Before I type the following, if you really really need to know if a door is open, closed or in the process thereof, LoRaWAN is not a good fit but can work.

For the more important uplinks, my devices use a smaller payload, more frequently whilst awaiting a downlink that is initiated by my application server to acknowledge that “the system” is on the case.

For the rarest of circumstances where only LoRaWAN is an appropriate radio system, ie lots of very small battery driven sensors over a distributed area that are mostly ticking over phoning home every few hours until something very bad happens that at least two or three sensors will be triggered on, then they use a confirmed uplink and keep going until they get that confirmation from the gateway, then revert to the a pattern of uplinks with one in X being confirmed, until it gets the back-end acknowledgement.

However, the backend database usually predicts the forthcoming moment of doom based on readings thus far. It can also spot trends and send a downlink to increase the uplink frequency so that data arrives more frequently, thus ironing out some of the dropped packets.

The only time I’ve seen a device go in to full Blue Light Defcon 1 mode was a water trough when on a hot day a pile of horses decided to drink it dry in the morning. They then went on to the next trough, but the device doesn’t have any knowledge of its peers, so whilst no horses went thirsty, it just knew it had gone from enough to empty. As I said, usually the backend system can see the trend and give a prediction of how long before refill time. At some point I may link in weather forecasts to see if that helps plus some mandatory Machine Learning once I have time to play.

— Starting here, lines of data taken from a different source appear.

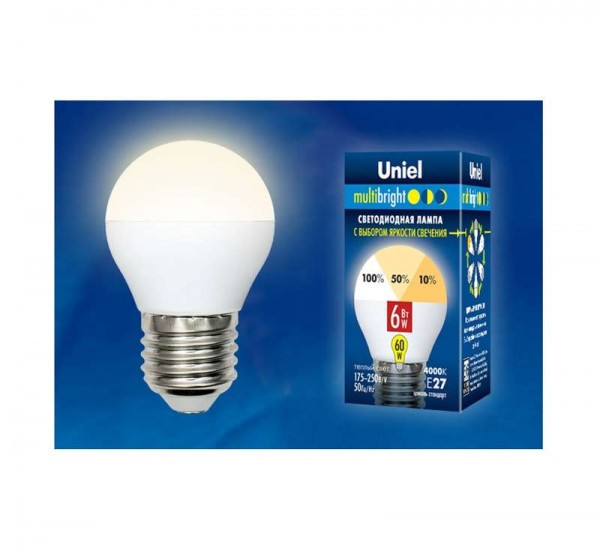  Лампа светодиодная LED-G45-6W/WW/E27/FR/MB PLM11WH форма "шар" мат. Multibright свет теплый бел. 3000К 100-50-10 упак. картон Uniel UL-00002377 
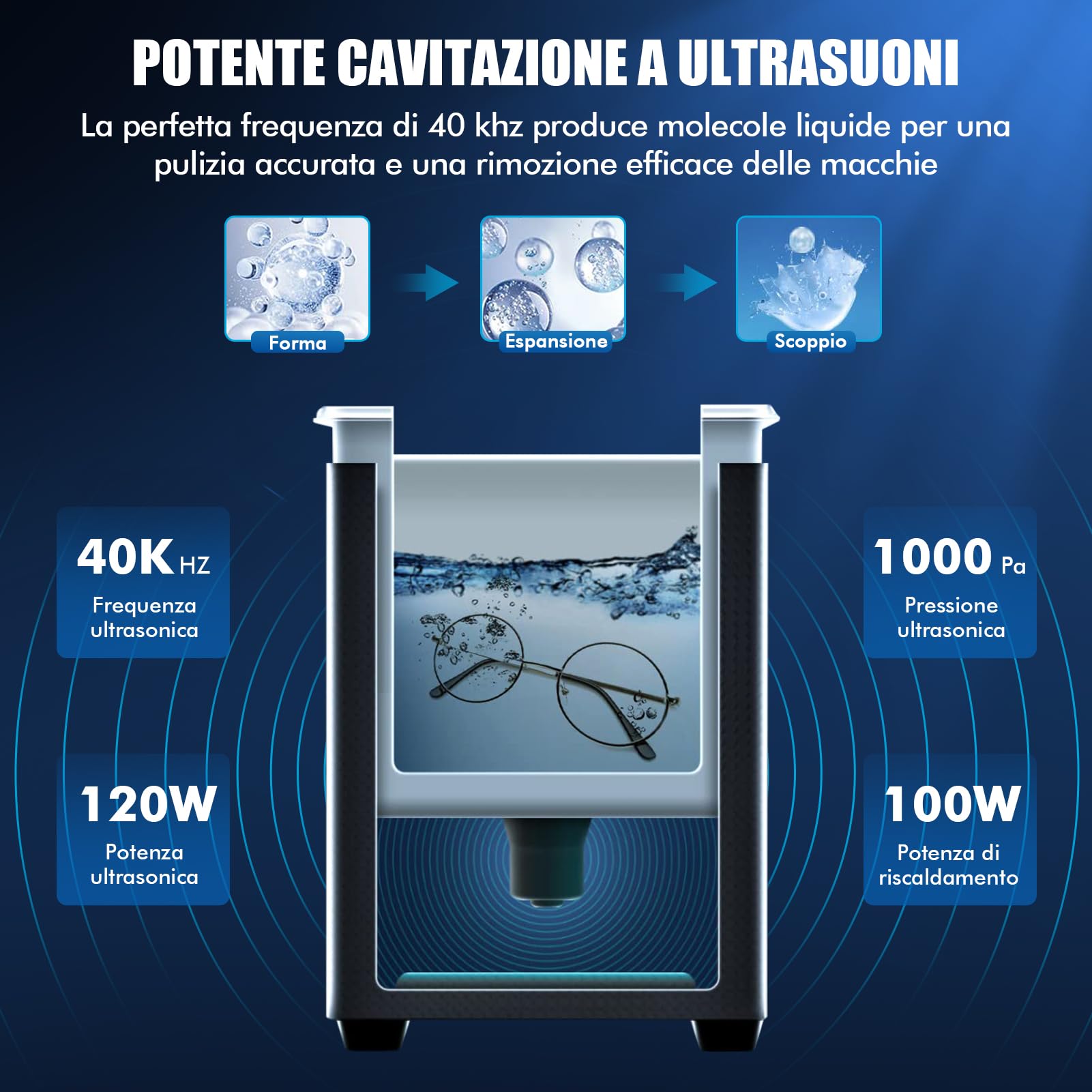 TICFOX pulitore ultrasuoni riscaldato 3L 120W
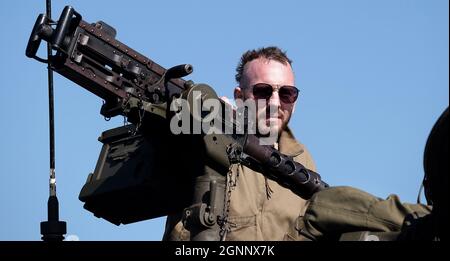 American 50 calibre Browning heavy machine gun on tank turret mount Stock Photo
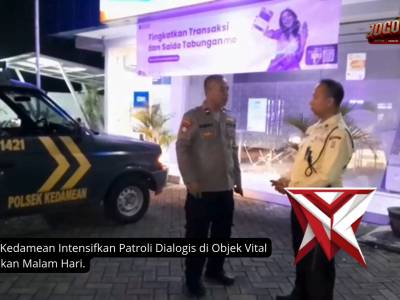 Polsek Kedamean Intensifkan Patroli Dialogis di Objek Vital Perbankan Malam Hari.
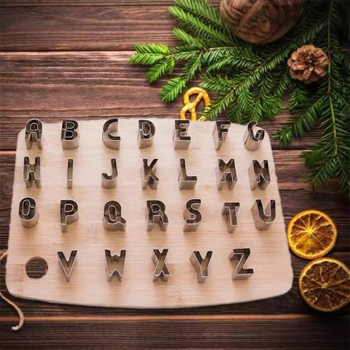 36-частен комплект форми за сладки с букви и цифри, от неръждаема стомана, блистер опаковка, за печене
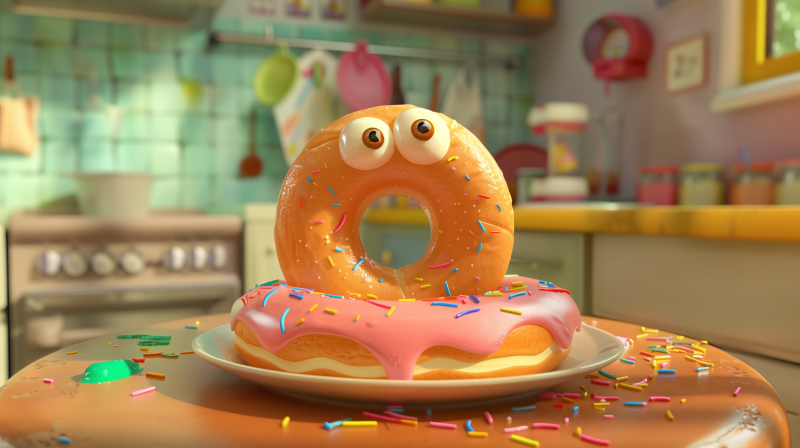 A humorous image of an animated doughnut with eyes and a surprised expression, topped with pink icing and colorful sprinkles, sitting on a plate in a brightly lit kitchen.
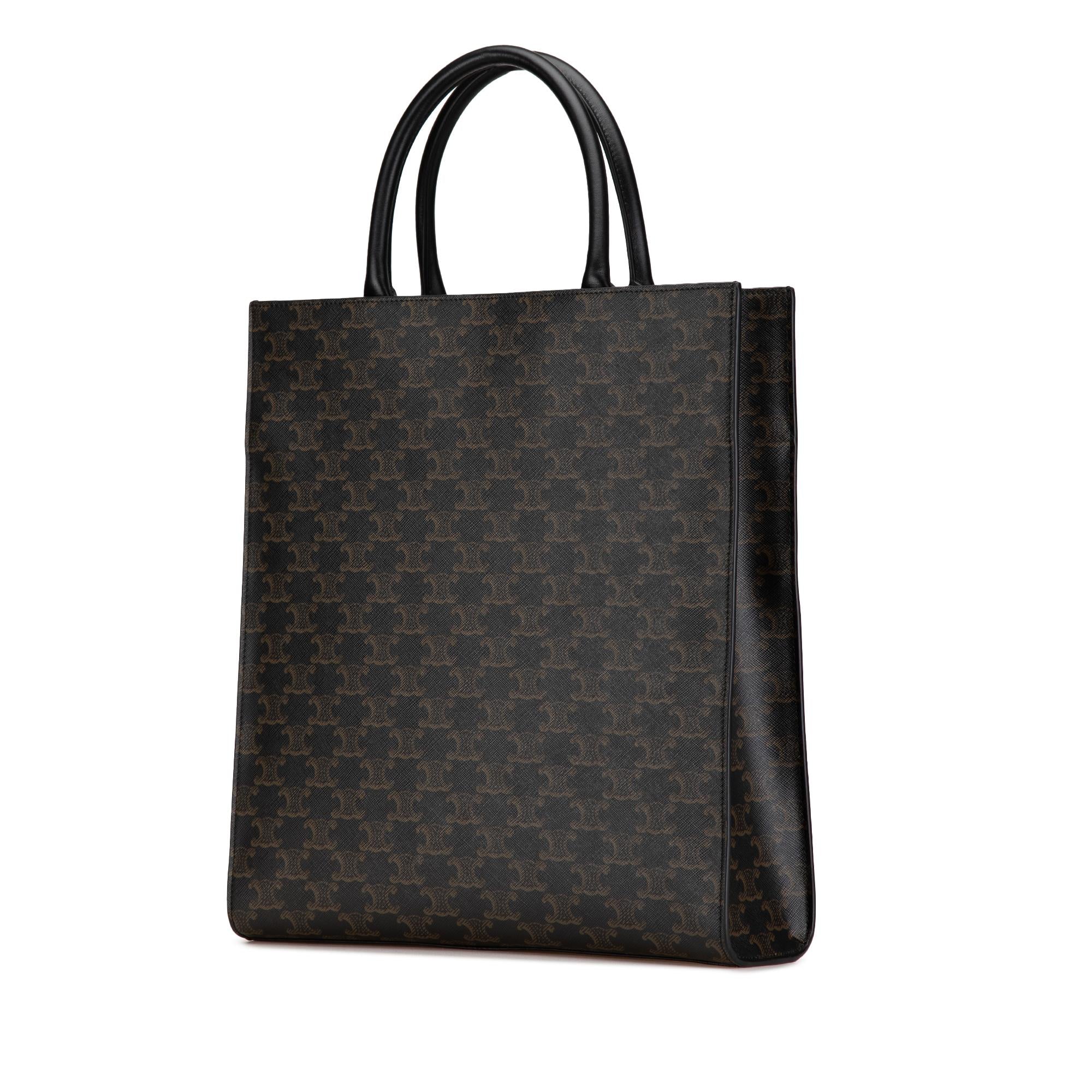 Celine Medium Triomphe Coated Canvas Vertical Cabas Satchel (SHG-JoQCOx)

We (the boss & I) came to all of this via security systems - security, fire, access control, CCTV etc - so I have a pretty good idea of ways of monitoring a door remotely and it’s all about levels of certitude. I can bypass most security systems or sensors but for 99% of situations, a reed sensor + 120dB siren will do the job, but even then, a can of pepper spray will always persuade you to turn off the alarm for me. So you need to fit the monitoring system to what you are protecting.

I guess the TL;DR version is, send status “all good, I haven’t been stolen, battery level is X” reports every 60 minutes and then if the sensor is triggered, two byte packets on a different port in quick order - for EU on SF7 that’s one every 5 seconds on the 1% duty cycle (bit over the top) or one every two minutes on FUP but that’s spread over an hour so you could do once every 15 seconds. But reality is you just need to send with confirmed and then a normal uplink to get the backend acknowledgement about 10 seconds later and that’s it, alerted.

Now your next problem is, is your phone in service for that all important SMS? For a small fee I can arrange a satellite pager and modify it with a big toe fitted taser module to ensure you wake up.